La disposición en tres tríadas de catorce generaciones cada una tenía obviamente la naturaleza de una memoria técnica. Los períodos abarcados por los tres grupos fueron, cabe señalar, de duración muy desigual; y la omisión real de nombres en uno de ellos, hace posible que los demás hayan sido tratados de la misma manera.

(1) Desde el nacimiento de Abraham hasta el nacimiento de David, tomando las fechas proporcionadas por la cronología recibida del Antiguo Testamento. BC 1996-1085.
(2) Desde el nacimiento de David hasta el cautiverio. BC 1085-588.
(3) Desde el cautiverio hasta el nacimiento de Jesús. BC 588-4.

Queda la pregunta adicional, cómo vamos a reconciliar la genealogía dada por San Mateo con la dada por San Lucas ( Lucas 3:23 ).

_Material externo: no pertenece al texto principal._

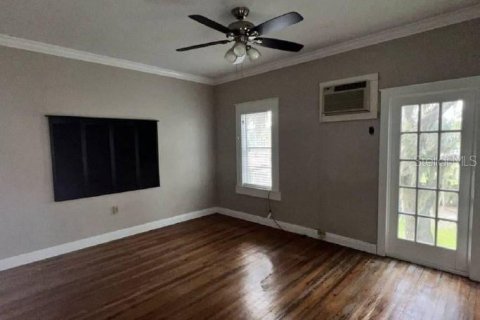 Villa ou maison à vendre à Ocklawaha, Floride: 5 chambres, 232.44 m2 № 2434970 - photo 10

Se cree que esto se tratará mejor en un breve Excursus en las Notas sobre ese Evangelio. Aquí puede ser suficiente señalar que la diferencia entre los dos es, al menos, una fuerte evidencia presuntiva de que ninguno de los dos evangelistas había visto el registro del otro.

De otro modo, es difícilmente concebible que el elemento de dificultad que implican estas diferencias haya sido introducido por uno u otro sin una palabra de explicación. Cada uno, se puede presumir, copió un documento que encontró, y los dos documentos fueron redactados en un plano diferente en cuanto a las ideas de sucesión reconocidas en cada uno de ellos.